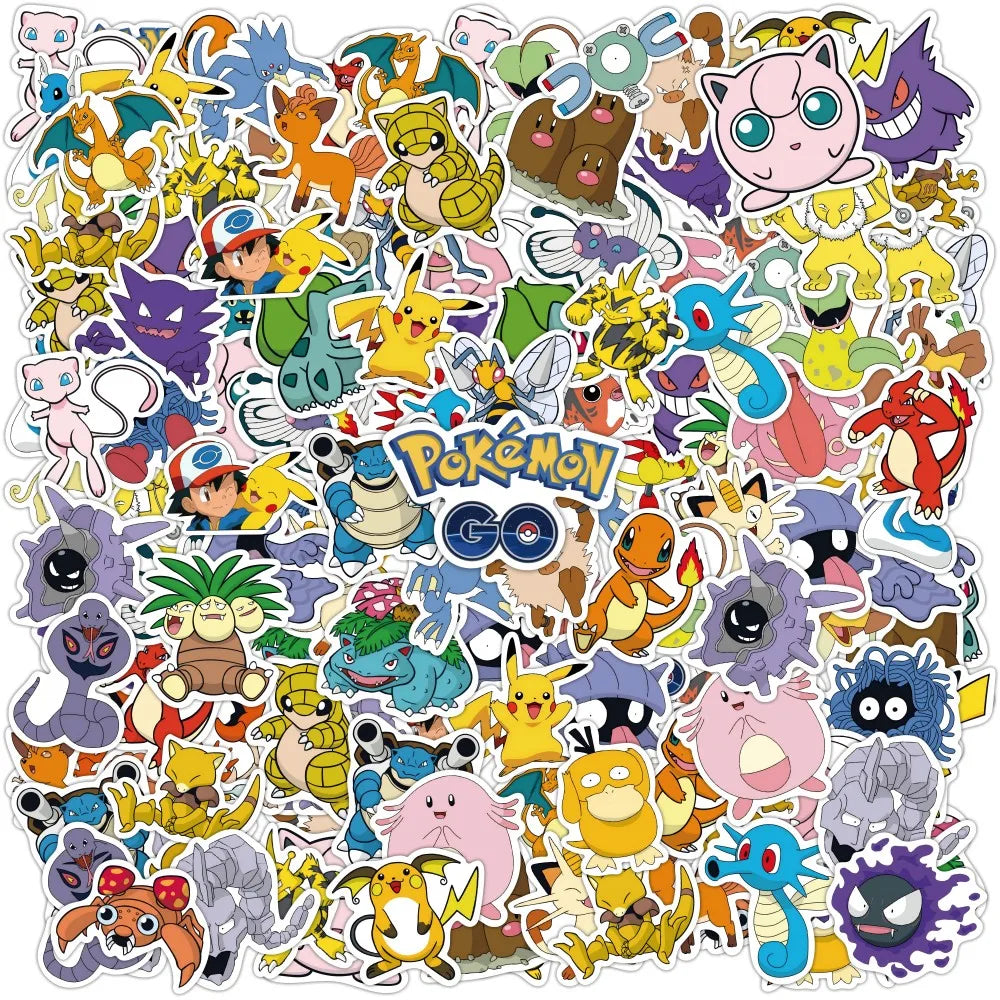 50PCS Anime Pokemon Cute Stickers Graffiti Decoration DIY Skateboard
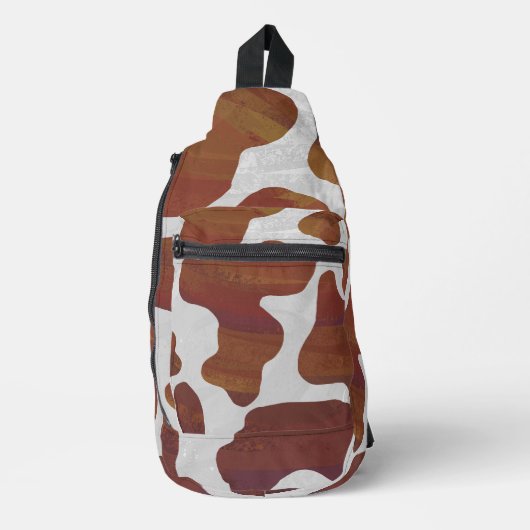 Bruin en Wit Koe Print Sling Bag (Voorkant)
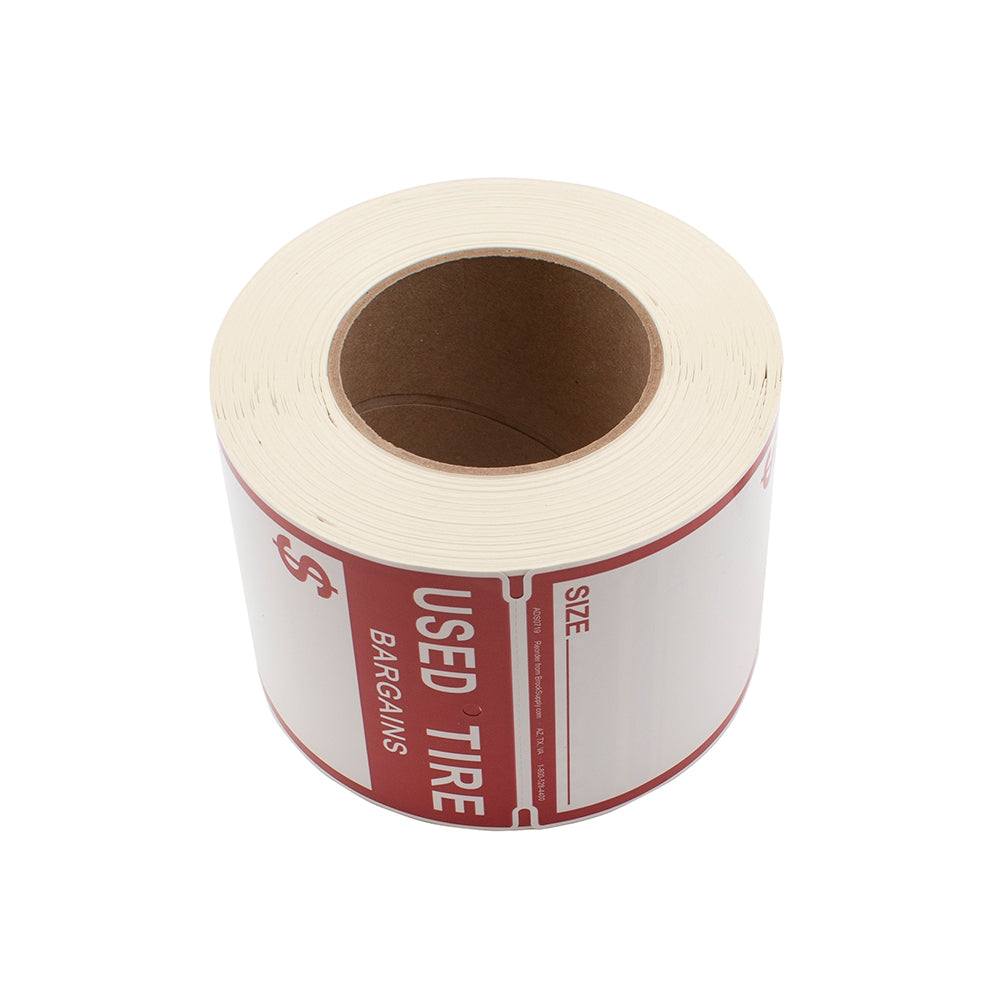 500 Pc Roll Adhesive Used Tire Tag Weather Resistant Polysteel Sticker Label 4" x 5 1/2" Red & White w/ Marker for Auto Tire Repair Retail Shop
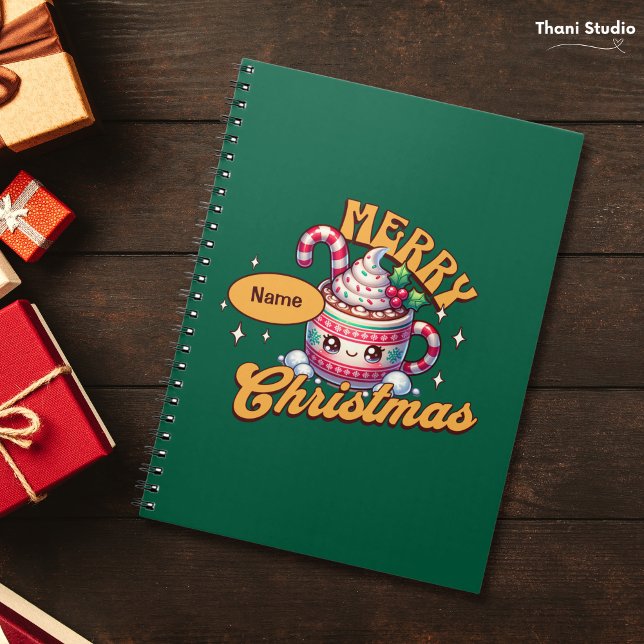 Merry Christmas Cute Hot Chocolate Mug Family Notebook (Creator Uploaded)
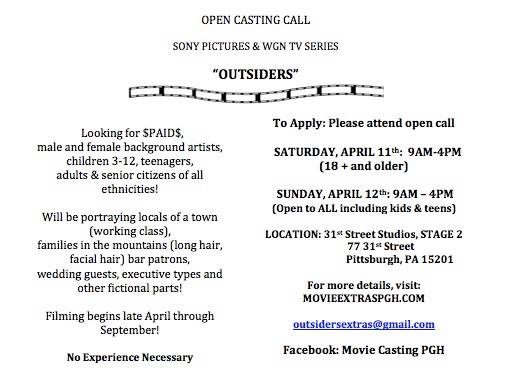 open casting call in PA for kids, teens and adults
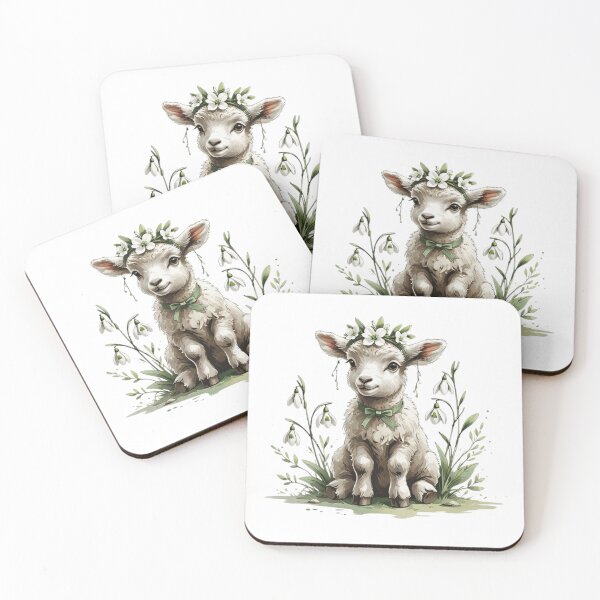 Item preview, Cute Woodland Lamb Snowdrop Flowers designed and sold by AQUILAKREO.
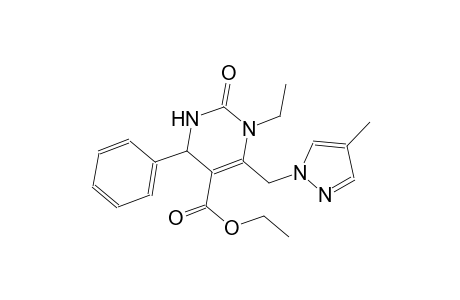 ethyl 1-ethyl-6-[(4-methyl-1H-pyrazol-1-yl)methyl]-2-oxo-4-phenyl-1,2,3,4-tetrahydro-5-pyrimidinecarboxylate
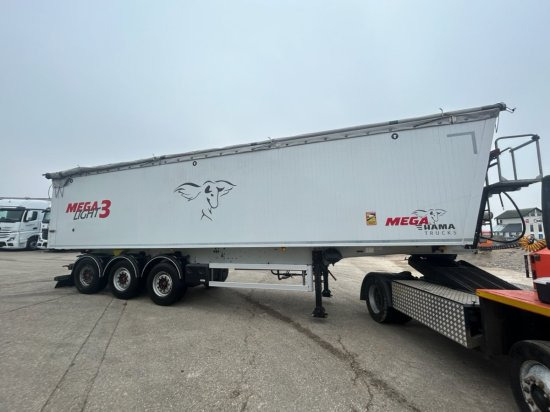 MEGA Alu-Kastenmulde 55m³, SAF-Achsen, Rollplane, Kombiklappe, Stehpodest - Volquete semirremolque: foto 1 MEGA Alu-Kastenmulde 55m³, SAF-Achsen, Rollplane, Kombiklappe, Stehpodest - Volquete semirremolque: foto 1
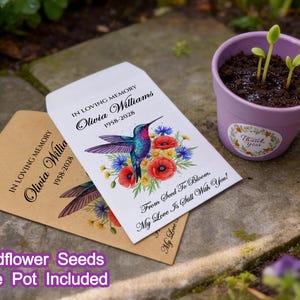 Confezione multipla di semi di fiori "In Loving Memory", buste funebri personalizzate con vasi e semi di fiori selvatici, "Forever In Our Heart", commemorativo.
========================================================================
From the opening line of the entries above to the line that holds "foto 1 MEGA", inclusive, reproduce each line exactly and omit any picture.

> WRITTEN REPLY
 50PCS Anime Pokemon Cute Stickers Graffiti Decoration DIY Skateboard
 Bruin en Wit Koe Print Sling Bag (Voorkant)
 500 Pc Roll Adhesive Used Tire Tag Weather Resistant Polysteel Sticker Label 4" x 5 1/2" Red & White w/ Marker for Auto Tire Repair Retail Shop
 Merry Christmas Cute Hot Chocolate Mug Family Notebook (Creator Uploaded)
 open casting call in PA for kids, teens and adults
 Item preview, Cute Woodland Lamb Snowdrop Flowers designed and sold by AQUILAKREO.
 ethyl 1-ethyl-6-[(4-methyl-1H-pyrazol-1-yl)methyl]-2-oxo-4-phenyl-1,2,3,4-tetrahydro-5-pyrimidinecarboxylate
 MEGA Alu-Kastenmulde 55m³, SAF-Achsen, Rollplane, Kombiklappe, Stehpodest - Volquete semirremolque: foto 1 MEGA Alu-Kastenmulde 55m³, SAF-Achsen, Rollplane, Kombiklappe, Stehpodest - Volquete semirremolque: foto 1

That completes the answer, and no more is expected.